Why everyone loves Thomas Heatherwick
Clients love him because he’s not an architect, and architects are in awe. But, as his new V&A show opens, will Thomas Heatherwick’s quirky style survive the shift to the big time?
Source: Thea Brine
Everyone loves Tom. Clients love him, curators love him, engineers love him and even architects admit he’s pretty irresistible. His friend Terence Conran has even compared him to Leonardo da Vinci, the greatest inventor of all time, and the epithet has stuck. What is going on?
“He is pretty special in many ways,” says Peter Murray, whose wife, Jane, commissioned his first building, the East Beach Café in Littlehampton, after she sat next to him at dinner. “One of his selling points is that he’s not an architect. Quite a lot of big-name architects strike fear into the heart of clients. Thomas does the opposite.”
The lack of dogma, and the fact he isn’t burdened by an architects’ training, gives him a freshness clients like. And he refuses to be pigeon-holed. He has designed a bag made with a single length of zip, a bridge that rolls up, a new London bus and the cauldron for the London Olympics. But his ambition has always been to design buildings, says Jane Pavitt, head of design history at the Royal College of Art.
As a Victoria & Albert Museum curator, Pavitt gave Heatherwick one of his first public commissions, to design a show on branding. She had seen his Harvey Nichols window commissioned by Mary Portas for the autumn fashion week in 1997 — a ribbon of laminated wood wrapped around the store — and was smitten. “He is a very good communicator. Whereas most designers had a very well honed pitch. Tom just drew a wiggly line.”
Source: Heatherwick Studio
While working on the exhibition Heatherwick moved from a small studio in Camden Town, where he had a sleeping platform above the work bench, to his current base in King’s Cross which employs 83 people, including 15 qualified architects. “You got the impression that the studio move was part of this ambition to scale up,” Pavitt says.
Twelve years later he is back at the V&A. Tellingly, the show, which opens this week, is titled Heatherwick Studio. Its curator, Abraham Thomas, says: “There has been a tendency to promote Heatherwick as the creative genius working on his own but we wanted to present how his studio is constructed and the design processes that are gone through.”
This is tricky territory. The public prefer the idea of the lone genius, but for Heatherwick it’s important the studio is recognised in its ambition to bring design, architecture and craft under one roof. No one is doing this — architects design furniture, but in a very hands-off way — yet it’s a method of working that has historical roots. “In a sense he’s rolling back time before the rise of the specialised practitioner when designers were also masons,” says Thomas.
In his new book Making, Heatherwick describes his frustration with the elite professions of architecture and engineering, and architects’ lack of practical experience such as casting form in concrete.
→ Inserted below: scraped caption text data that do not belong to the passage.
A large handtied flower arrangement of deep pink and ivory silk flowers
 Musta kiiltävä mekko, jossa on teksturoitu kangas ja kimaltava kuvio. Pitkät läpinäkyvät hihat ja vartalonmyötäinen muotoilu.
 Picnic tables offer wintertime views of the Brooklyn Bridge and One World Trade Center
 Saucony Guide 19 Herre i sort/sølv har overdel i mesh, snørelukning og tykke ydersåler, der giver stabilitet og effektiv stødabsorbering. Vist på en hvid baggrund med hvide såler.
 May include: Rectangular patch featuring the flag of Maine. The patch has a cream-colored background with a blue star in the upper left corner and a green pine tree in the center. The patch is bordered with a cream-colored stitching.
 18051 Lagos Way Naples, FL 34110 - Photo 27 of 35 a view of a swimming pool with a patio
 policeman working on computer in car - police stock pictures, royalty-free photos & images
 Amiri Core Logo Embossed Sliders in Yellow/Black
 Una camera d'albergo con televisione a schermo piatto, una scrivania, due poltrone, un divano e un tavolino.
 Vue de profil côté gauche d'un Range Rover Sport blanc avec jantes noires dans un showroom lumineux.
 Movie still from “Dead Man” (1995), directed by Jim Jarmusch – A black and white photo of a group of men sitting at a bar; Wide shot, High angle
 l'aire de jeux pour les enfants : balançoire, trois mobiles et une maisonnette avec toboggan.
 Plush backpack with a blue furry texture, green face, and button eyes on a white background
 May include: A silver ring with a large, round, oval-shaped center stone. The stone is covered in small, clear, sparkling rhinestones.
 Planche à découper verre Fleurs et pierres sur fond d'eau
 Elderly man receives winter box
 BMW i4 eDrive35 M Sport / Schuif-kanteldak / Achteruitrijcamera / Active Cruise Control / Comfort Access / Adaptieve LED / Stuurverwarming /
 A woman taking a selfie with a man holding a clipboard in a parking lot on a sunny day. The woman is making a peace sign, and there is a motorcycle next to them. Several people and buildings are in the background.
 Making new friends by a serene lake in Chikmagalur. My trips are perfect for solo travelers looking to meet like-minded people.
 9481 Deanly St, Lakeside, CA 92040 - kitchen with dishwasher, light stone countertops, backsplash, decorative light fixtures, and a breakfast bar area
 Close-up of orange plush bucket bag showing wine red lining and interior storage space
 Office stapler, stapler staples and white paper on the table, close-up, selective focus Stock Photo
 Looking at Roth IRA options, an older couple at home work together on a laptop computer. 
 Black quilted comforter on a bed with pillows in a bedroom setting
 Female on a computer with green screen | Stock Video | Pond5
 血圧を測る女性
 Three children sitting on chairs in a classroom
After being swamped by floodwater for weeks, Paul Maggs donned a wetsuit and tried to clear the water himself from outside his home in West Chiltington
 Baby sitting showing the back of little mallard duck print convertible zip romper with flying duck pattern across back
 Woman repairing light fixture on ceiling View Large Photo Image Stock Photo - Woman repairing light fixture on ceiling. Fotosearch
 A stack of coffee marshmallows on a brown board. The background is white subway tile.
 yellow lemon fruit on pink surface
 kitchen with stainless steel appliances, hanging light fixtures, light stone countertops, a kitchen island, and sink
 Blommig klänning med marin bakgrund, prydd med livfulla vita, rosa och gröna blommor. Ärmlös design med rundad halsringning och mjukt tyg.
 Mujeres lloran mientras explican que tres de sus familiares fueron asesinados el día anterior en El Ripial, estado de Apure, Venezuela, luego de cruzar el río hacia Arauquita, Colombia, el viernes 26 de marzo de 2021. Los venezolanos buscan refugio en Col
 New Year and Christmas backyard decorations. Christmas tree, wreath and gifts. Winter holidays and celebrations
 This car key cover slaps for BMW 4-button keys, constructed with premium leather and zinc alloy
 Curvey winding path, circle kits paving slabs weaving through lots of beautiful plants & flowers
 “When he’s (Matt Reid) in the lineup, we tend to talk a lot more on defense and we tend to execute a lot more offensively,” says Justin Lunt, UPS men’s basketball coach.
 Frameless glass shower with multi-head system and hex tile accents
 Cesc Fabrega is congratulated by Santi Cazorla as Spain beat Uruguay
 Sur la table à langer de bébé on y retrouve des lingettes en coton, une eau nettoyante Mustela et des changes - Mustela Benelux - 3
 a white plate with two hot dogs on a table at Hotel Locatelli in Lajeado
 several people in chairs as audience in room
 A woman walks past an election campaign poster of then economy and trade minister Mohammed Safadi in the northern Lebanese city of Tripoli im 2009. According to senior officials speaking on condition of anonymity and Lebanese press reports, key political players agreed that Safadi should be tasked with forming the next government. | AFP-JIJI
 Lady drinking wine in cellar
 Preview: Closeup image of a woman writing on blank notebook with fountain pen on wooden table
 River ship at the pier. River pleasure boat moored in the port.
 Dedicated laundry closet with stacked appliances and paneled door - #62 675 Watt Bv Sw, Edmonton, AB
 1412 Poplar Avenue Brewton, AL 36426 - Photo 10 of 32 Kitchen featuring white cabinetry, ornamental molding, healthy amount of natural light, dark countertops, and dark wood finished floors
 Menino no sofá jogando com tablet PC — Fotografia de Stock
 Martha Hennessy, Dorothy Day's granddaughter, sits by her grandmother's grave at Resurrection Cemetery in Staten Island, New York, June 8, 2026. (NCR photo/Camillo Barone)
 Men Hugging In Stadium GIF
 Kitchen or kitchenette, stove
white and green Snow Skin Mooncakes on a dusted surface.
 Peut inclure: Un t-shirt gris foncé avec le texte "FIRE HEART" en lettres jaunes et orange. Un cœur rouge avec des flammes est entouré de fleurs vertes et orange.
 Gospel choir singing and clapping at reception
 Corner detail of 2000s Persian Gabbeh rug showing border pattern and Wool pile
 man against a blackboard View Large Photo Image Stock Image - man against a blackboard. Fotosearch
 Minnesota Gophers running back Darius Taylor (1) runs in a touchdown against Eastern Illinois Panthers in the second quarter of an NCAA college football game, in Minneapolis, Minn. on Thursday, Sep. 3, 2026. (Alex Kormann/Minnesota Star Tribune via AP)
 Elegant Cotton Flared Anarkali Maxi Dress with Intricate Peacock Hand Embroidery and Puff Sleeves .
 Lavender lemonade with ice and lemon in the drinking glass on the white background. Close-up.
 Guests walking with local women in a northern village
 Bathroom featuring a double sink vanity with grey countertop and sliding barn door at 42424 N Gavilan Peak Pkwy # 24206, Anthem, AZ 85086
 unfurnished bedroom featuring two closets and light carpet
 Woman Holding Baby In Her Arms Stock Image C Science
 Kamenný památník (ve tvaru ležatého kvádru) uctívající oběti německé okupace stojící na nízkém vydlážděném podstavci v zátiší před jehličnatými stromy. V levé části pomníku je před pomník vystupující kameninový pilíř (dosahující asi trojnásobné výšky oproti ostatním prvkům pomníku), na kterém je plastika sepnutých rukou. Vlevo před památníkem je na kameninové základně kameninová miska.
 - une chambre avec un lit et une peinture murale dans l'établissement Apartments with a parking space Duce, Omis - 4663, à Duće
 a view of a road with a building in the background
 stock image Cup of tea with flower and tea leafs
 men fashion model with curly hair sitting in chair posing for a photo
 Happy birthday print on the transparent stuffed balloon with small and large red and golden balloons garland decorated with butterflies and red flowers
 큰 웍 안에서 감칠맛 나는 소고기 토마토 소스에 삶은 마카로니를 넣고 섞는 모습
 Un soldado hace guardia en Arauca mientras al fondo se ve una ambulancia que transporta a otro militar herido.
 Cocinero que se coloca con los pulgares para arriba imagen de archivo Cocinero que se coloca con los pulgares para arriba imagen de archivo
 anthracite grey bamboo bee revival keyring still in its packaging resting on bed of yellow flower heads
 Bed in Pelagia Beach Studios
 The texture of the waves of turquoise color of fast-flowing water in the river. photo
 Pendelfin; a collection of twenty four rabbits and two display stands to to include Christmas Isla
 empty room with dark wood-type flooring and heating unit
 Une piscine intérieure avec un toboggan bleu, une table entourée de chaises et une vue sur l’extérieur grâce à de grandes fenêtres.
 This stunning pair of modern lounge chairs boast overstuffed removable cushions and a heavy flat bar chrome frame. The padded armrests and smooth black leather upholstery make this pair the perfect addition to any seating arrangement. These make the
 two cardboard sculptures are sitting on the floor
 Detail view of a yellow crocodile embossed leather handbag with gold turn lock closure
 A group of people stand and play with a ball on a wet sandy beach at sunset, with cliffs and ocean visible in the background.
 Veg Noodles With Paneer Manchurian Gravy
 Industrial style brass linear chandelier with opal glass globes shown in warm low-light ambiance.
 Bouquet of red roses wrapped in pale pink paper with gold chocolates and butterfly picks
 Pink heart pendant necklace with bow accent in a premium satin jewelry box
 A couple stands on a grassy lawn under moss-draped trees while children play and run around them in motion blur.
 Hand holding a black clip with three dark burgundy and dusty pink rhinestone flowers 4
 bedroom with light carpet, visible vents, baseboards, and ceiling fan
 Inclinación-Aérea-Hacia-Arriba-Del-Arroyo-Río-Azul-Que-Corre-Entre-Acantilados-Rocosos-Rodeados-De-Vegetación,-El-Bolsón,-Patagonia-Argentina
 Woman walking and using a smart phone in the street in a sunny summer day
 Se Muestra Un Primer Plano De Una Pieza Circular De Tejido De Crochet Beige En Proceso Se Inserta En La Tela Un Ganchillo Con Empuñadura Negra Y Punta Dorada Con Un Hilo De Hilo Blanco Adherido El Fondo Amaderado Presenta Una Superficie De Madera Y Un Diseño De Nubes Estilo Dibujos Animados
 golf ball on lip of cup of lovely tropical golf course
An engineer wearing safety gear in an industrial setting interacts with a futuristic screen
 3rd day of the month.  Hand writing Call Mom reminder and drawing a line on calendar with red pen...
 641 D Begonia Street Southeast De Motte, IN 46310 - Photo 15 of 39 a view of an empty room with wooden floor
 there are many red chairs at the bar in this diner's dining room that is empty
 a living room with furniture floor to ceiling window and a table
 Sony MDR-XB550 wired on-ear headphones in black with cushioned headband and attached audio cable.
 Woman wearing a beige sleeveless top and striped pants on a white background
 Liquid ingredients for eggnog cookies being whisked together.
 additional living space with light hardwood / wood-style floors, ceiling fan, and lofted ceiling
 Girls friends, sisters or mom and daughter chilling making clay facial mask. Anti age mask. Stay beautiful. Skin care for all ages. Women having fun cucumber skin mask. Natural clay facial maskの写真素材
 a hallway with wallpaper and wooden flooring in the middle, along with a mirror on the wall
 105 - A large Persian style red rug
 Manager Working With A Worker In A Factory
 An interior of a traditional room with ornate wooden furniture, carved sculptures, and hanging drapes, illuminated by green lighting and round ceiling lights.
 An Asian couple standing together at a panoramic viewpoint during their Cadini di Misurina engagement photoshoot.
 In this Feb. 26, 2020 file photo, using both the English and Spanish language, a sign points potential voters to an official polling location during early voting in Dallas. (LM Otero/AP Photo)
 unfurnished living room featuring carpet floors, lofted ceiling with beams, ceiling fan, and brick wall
The separation between designers and makers is a reason “why much of the new architecture I saw around me felt sterile and lacking in three-dimensional sophistication”, he writes in the introduction.
“The Heatherwick Studio is at an interesting tipping point. It’s a short time after the UK pavilion [completed in 2010] and it’s now moving into proper buildings,” says Thomas. But the question is: can he make that leap of scale?
Since the East Beach Café, architects have questioned if his ideas-driven approach can survive the more complex demands of a larger building. “I am in awe of what he’s done,” says an architect who was in the year above Heatherwick at the RCA, “but the café is an unsophisticated piece of architecture. His ideas are very seductive but he has a very basic way of achieving a programme.”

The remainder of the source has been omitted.